◆ **Work instruction**:
Every line of the records that holds the word "Ford" should be copied out.

(Entries provided Opens)

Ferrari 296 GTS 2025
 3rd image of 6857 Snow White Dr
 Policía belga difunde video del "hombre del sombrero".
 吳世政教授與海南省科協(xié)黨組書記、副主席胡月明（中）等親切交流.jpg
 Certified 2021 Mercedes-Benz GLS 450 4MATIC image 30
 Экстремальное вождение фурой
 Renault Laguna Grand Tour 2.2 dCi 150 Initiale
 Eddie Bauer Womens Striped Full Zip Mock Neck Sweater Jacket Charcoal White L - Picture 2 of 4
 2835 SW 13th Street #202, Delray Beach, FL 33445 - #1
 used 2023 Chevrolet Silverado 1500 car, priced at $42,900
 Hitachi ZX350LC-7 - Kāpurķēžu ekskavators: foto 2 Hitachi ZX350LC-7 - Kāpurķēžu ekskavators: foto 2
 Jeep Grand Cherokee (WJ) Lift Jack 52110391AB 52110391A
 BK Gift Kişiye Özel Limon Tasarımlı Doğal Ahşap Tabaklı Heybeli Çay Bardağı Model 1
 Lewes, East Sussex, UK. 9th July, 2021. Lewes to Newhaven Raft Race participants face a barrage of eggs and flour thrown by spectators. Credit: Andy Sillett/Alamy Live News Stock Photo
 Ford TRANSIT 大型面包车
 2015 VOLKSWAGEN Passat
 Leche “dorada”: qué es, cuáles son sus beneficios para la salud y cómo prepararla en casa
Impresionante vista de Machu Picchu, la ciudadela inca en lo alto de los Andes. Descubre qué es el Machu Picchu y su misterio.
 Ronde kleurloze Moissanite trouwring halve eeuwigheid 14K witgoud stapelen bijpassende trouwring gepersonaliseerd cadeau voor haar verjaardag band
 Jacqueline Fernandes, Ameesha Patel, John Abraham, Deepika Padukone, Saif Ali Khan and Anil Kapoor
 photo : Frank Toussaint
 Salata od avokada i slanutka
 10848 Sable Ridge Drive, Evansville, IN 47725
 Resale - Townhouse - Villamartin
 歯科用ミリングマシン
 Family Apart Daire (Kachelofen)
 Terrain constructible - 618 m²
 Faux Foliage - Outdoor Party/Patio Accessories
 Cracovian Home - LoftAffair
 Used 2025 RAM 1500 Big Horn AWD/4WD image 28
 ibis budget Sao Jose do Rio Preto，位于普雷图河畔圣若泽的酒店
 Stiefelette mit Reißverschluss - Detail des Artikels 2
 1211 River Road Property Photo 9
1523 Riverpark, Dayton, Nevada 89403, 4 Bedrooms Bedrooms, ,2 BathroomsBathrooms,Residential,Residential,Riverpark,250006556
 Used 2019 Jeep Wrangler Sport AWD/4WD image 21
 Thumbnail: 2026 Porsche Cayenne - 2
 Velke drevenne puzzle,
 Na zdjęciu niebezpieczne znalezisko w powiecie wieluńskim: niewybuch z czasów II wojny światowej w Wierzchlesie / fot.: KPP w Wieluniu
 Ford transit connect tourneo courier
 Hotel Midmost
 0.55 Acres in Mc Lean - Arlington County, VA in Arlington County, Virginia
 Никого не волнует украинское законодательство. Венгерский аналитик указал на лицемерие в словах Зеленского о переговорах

(Entries provided Closes)

◆ **Solution for this problem**:
 Ford TRANSIT 大型面包车
 Ford transit connect tourneo courier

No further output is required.